3. The Houthi motto is, ” Allah is Greater, Death to America, Death to Israel, Curse on the Jews, Victory to Islam.”
But since Qatar seems to control our media via Al Jazeera and the Washington Post, which has acted as a Qatari front in the Khashoggi case, controls much of Congress, and since Qatar is allied with Iran, we’ve been served up a steady diet of propaganda which falsely claims that fighting the Houthis is causing a deadly famine in Yemen.
The truth is that the Houthis cause the famine by stealing food from the people who need it. Aid organizations go in, deal with the Houthis, pass out food, and it doesn’t get to the people who need it. (This is a familiar pattern and scam in Africa and the Middle East.)
Last year, the AP and even CNN broke the embargo and reported the truth.
In the northern province of Saada, a Houthi stronghold, international aid groups estimate that 445,000 people need food assistance. Some months the U.N. has sent enough food to feed twice that many people. Yet the latest figures from the U.N. and other relief organizations show that 65 percent of residents are facing severe food shortages, including at least 7,000 people who are in pockets of outright famine.
The Houthis, a Zaidi-Shiite religious movement turned rebel militia, control an expanse of northern and western Yemen that is home to more than 70 percent of the country’s population. In these areas, officials and relief workers say, Houthi rebels have moved aggressively to control the flow of food aid, putting pressure on international relief workers with threats of arrest or exile and setting up checkpoints that demand payments of “customs taxes” as trucks carrying aid try to move across rebel territory.
“Since the Houthis came to power, looting has been on a large scale,” said Abdullah al-Hamidi, who served as acting education minister in the Houthi-run government in the north before defecting to the coalition side earlier this year. “This is why the poor get nothing. What really arrives to people is very little.”
Each month in Sanaa, he said, at least 15,000 food baskets that the education ministry was supposed to provide to hungry families were instead diverted to the black market or used to feed Houthi militiamen serving on the front lines.
Sending food to Yemen just puts it in the hands of terrorists and the people end up starving.
But now that Secretary of State Mike Pompeo moved to designate the Houthis as a terrorist group, Congress is up in arms, echoing Qatari-Iranian agitprop via the media which is full-time agitprop.
A call the State Department held this morning to brief House and Senate committee staff on the Yemen move devolved into a shouting match and left staffers from both parties shocked by the apparent lack of a plan to ensure that food and aid continue to reach Yemeni civilians, millions of whom are already on the verge of famine.

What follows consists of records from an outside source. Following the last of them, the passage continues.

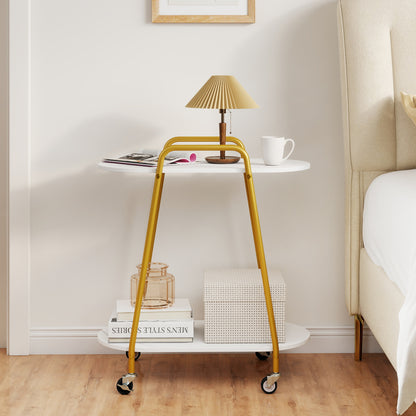 White 2-tier rolling end table with faux marble surfaces, compact design, and casters for easy mobility in small living spaces.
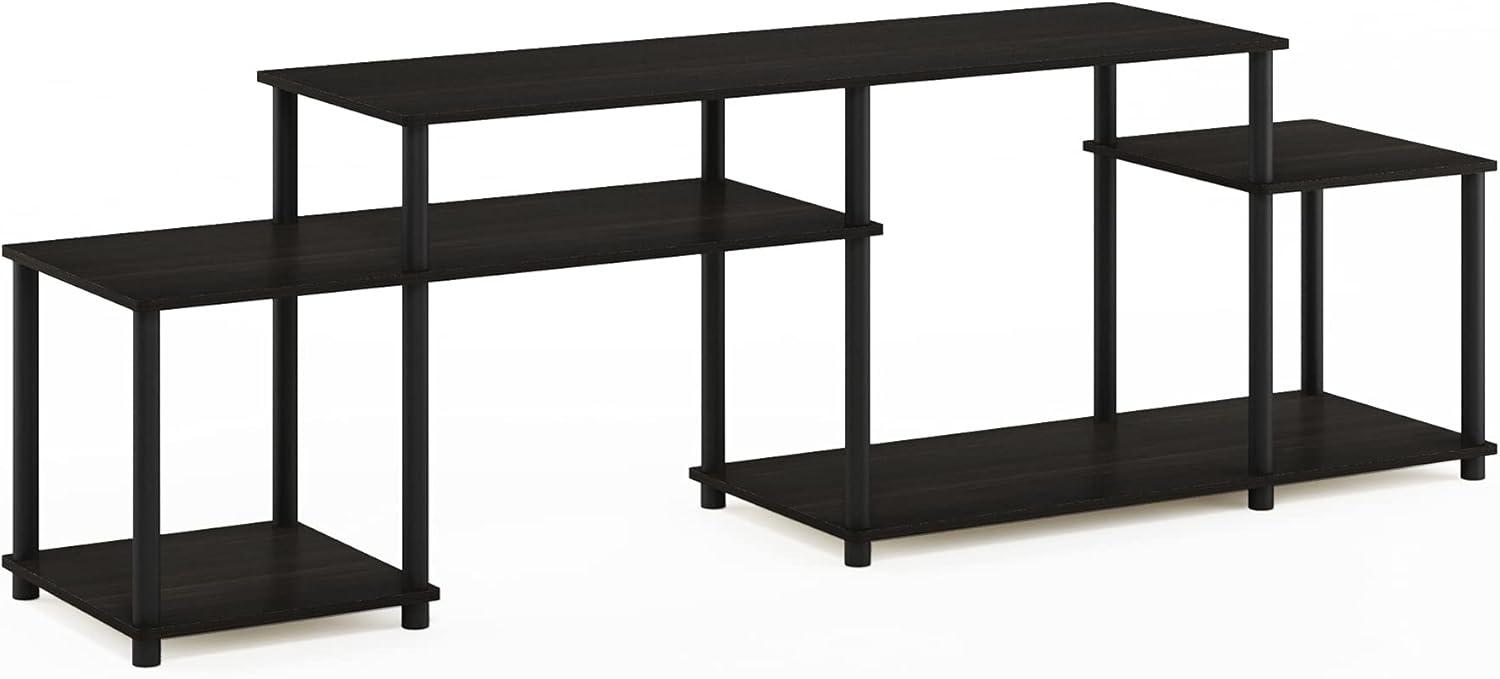 Espresso and Black Composite Wood TV Stand for 55 Inch Screen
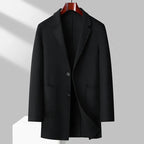 The Gentleman’s Edge Wool Topcoat (Dark Grey XXS) - | Zavonix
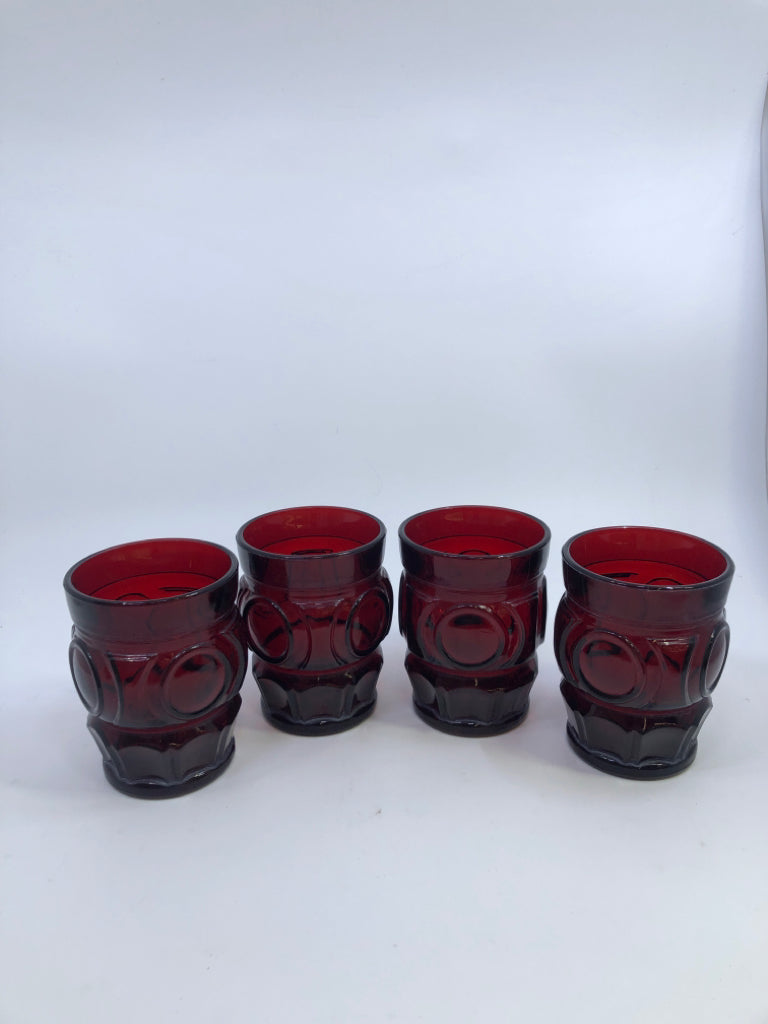 4 VTG CRANBERRY THUMBPRINT GOBLETS.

There’s no plan here because the Houthis control the territory. If you send them food, they take it and people starve. If they’re defeated, things will get better.
“The staff on both sides were just flabbergasted that some basic questions on how we were going to protect the people of Yemen were not answered. It almost felt as though they weren’t planning to answer it. I don’t want to say they don’t care, but it was just very troubling,” the aide adds, noting that the briefers also struggled to provide a national security rationale for the move.
Seriously. A national security reason for designating the Yemeni Shiite version of ISIS which attacked a US vessel as a terrorist group?
We’re in Pravda territory here.
Meanwhile Republican House and Senate members have decided to get all worked up about this because it’s not like there’s anything critical going on in America for them to worry about.